Grandma Jane died just over a week after my appointment.
Time doesn’t stop when you die; other people are left with the mess. After being exposed to said mess, I lost the desire to leave one. I didn’t want to die anymore because that would be too painful of an event for my family, but I didn’t want to be alive because it was proving too painful for me. During the last half of 2015, I was simply lost.
Slowly I bounced back, from everything. I found friends, and a way to be alone without hating myself for it. I discovered how to enjoy the shimmering of the present, instead of wishing for grotesque escapes. I walked out of my abusive friendship with living scars, but still intact. And finally, I fell in with people who I enjoyed listening to and who let me talk.
Even though I still have those days where my bones fill with lead, and a foggy despair washes over my body, I can, and do, enjoy life now.
Finding “joie de vivre” meant I had to reconcile the fact that someone I loved dearly no longer had that pleasure. I couldn’t get caught up in these crushing realizations; life was moving on and I had to follow it. No matter how ugly some of those changes were.
I know that she wouldn’t like the fact that I don’t go to church, that I swear like a sailor, that I hold grudges, or that my mom never made me play piano, and most of all she wouldn’t like that her loss still hurts me. I also know that she didn’t care that much about making sure that I was the perfect granddaughter. She was content to let me explore my capabilities.
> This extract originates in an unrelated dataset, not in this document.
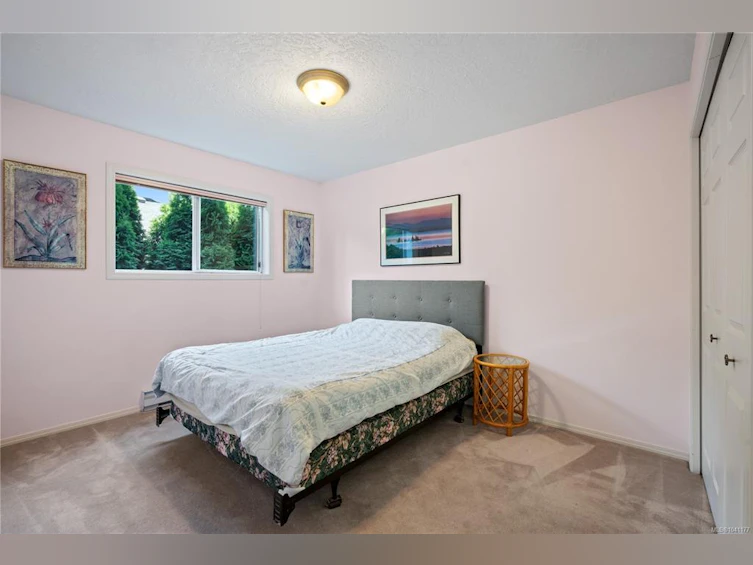 4239 Arbordale Court, Saanich, BC, V8N 6K1 - 39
She loved that I wore lipstick, that I sang the lullabies she taught me, that I treasured the knickknacks she gave me and the stories she told, and that, to my mother’s dismay, I fold napkins like she taught me. That woman was so full of love and pride; she had infinite admiration for the small things. She would be so proud of me. I spoke to her almost every day. She listened, and in turn I learned how to listen to others. She was never aware of the fact that she taught me how to laugh raucously as well. When we talked I was energetic, and her voice was honey, golden and soft. That absence stings the most. I’m romanticizing her, I know that. She deserves it. She helped me grow into who I am today, both pre and post mortem. I’ll have to keep growing up without her, and that’s okay. She’ll never be gone from me completely, and that’s okay too (I never want her to leave). A year and a half later I’m still healing.
And I still miss her.
I remember your face the first time you tried a pumpkin spice latte. Some of my lipstick transferred from the cup to you and it matched the one you were already wearing. I felt like I was supposed to be your granddaughter.
Time doesn’t stop when you die; other people are left with the mess. After being exposed to said mess, I lost the desire to leave one.